U.S. v. Williams

Decision Date26 December 1990
Docket NumberNo. 89-6230,89-6230
Citation923 F.2d 1397
Parties31 Fed. R. Evid. Serv. 1481 UNITED STATES of America, Plaintiff-Appellee, v. Andre Lawrence WILLIAMS, Defendant-Appellant.
CourtU.S. Court of Appeals — Tenth Circuit

James F. Robinson, Asst. U.S. Atty., Oklahoma City, Okl. (Timothy D. Leonard, U.S. Atty., with him on the brief), for plaintiff-appellee.

June E. Tyhurst, Asst. Federal Public Defender, Oklahoma City, Okl. (Rand C. Eddy, Asst. Federal Public Defender, Oklahoma City, Okl., with her on the brief), for defendant-appellant.

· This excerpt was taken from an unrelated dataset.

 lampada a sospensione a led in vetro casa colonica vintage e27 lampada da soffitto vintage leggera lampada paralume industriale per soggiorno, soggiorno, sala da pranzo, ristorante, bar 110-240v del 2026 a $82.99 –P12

Before HOLLOWAY, Chief Judge, MOORE, Circuit Judge, and BROWN, District Judge *.

HOLLOWAY, Chief Judge.

In a joint trial, defendant-appellant Williams and one co-defendant, Henderson, were convicted of multiple counts involving the possession and distribution of cocaine. Williams was convicted on one count of conspiracy to possess with intent to distribute cocaine, in violation of 21 U.S.C. Sec. 841(a)(1); one count of using or carrying firearms during and in relation to a drug trafficking crime, in violation of 18 U.S.C. Sec. 924(c); and two counts of opening or maintaining a premises for the purpose of distribution of cocaine, in violation of 21 U.S.C. Sec. 856(a)(1). Henderson was convicted on these same four counts. Henderson's appeal from his convictions is decided by a separate unpublished order and judgment filed today.

I.

A rock or "crack" cocaine distribution operation was discovered in Del City, Oklahoma, in January 1989 when an intelligence report alerted the police to drug sales taking place within the city at an apartment on Scott Street. I R.Tr. at 5. The police responded by sending a confidential police informant to the apartment to attempt to purchase cocaine. 1 Id. at 5.

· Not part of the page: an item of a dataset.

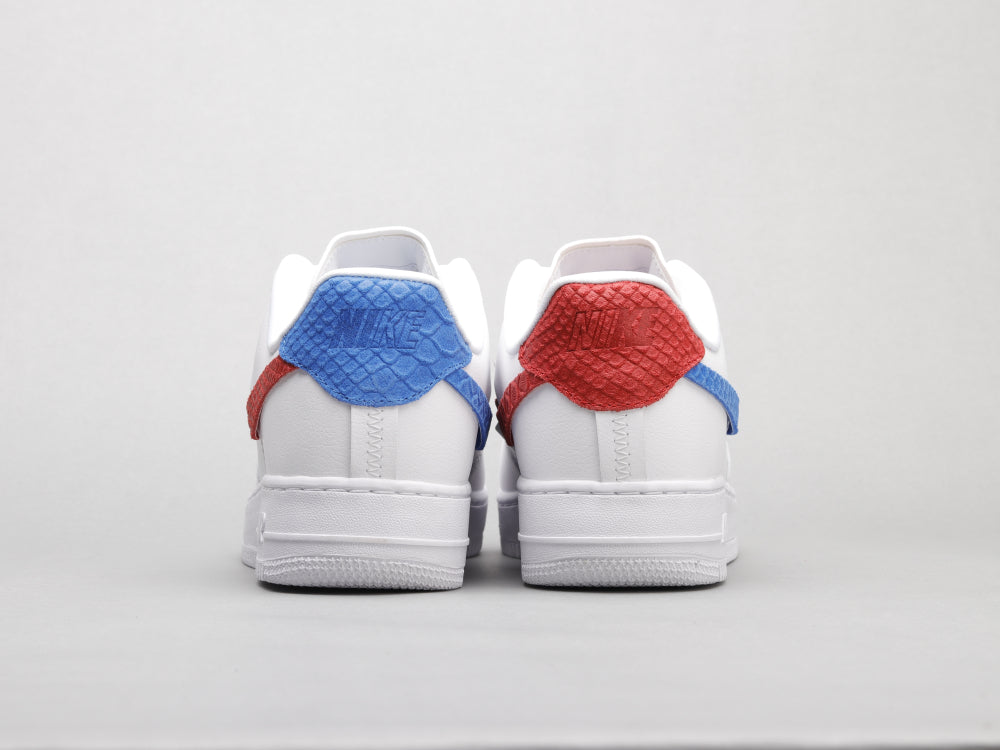 MO - AF1 White red blue snake pattern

The informant was able to make a cocaine purchase, and consequently, the police obtained a search warrant and returned the following day to execute the warrant. 2 Id. at 5. The search yielded over two thousand dollars in cash, a number of gold and silver coins, a quantity of rock cocaine, and two loaded firearms, one on the kitchen table and one on a stereo in the living room. Id. at 37-42. Amidst the cash recovered was a twenty dollar bill identified as one of the recorded bills with which the informant made his purchase of cocaine the previous day. Id. at 39. Also found during the warrant's execution was a promissory note or IOU which was in the possession of one of the suspects on the premises. The IOU was signed by a cocaine buyer, Johnson, and it evidenced a debt of $150, payable to Charles Dade and witnessed by Williams. Id. at 42, 101-05. Other items discovered in a closet at the Scott Street apartment were a traffic citation issued to Thad Bennett, an alias used by Williams, and a criminal complaint of unlawful entry issued to Marvin Roberts, an alias used by Henderson.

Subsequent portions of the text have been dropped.